§ **Try it**:
Every line in the data below from the one containing "304 SUMMER GARDEN WAY, Rockville, MD 20850" down to the one containing "ZARA Blue Cropped", both included, must be retyped exactly; no other line is to appear.

§ **Exercise material**:
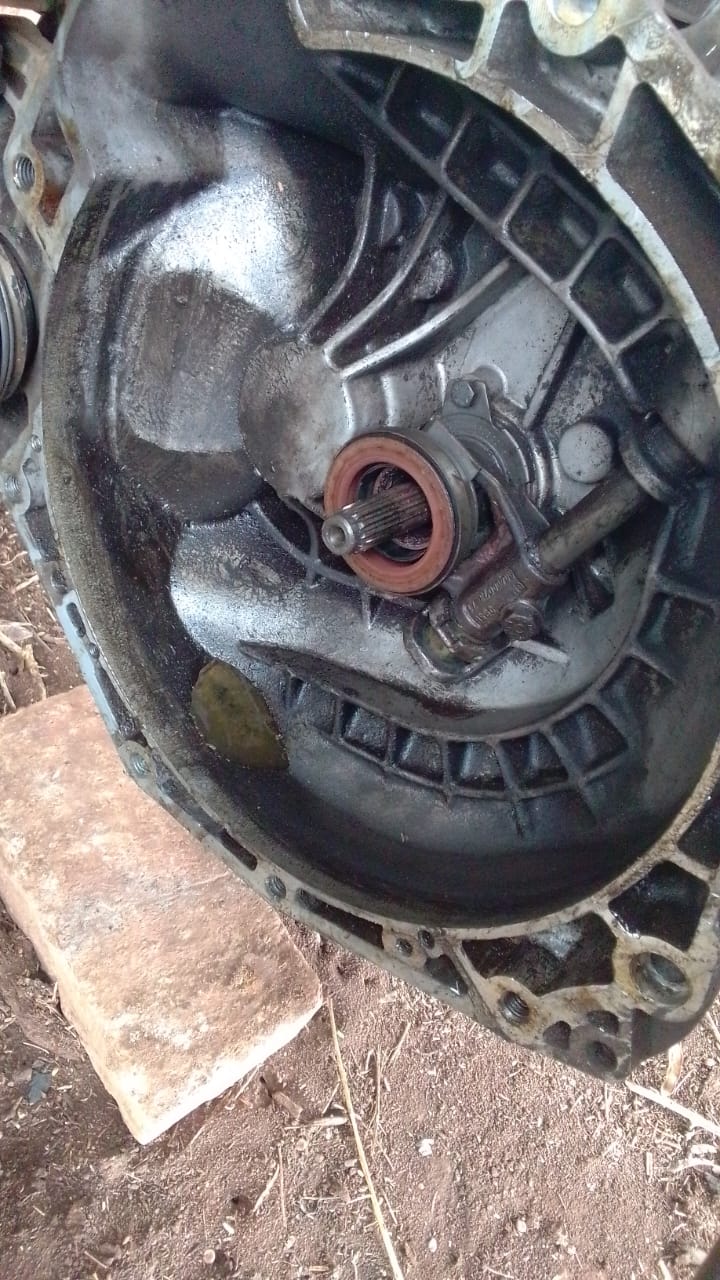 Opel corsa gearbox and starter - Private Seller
---
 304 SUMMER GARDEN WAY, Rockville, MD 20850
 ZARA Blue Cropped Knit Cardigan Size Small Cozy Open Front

§ **The completed task**:
 304 SUMMER GARDEN WAY, Rockville, MD 20850
 ZARA Blue Cropped Knit Cardigan Size Small Cozy Open Front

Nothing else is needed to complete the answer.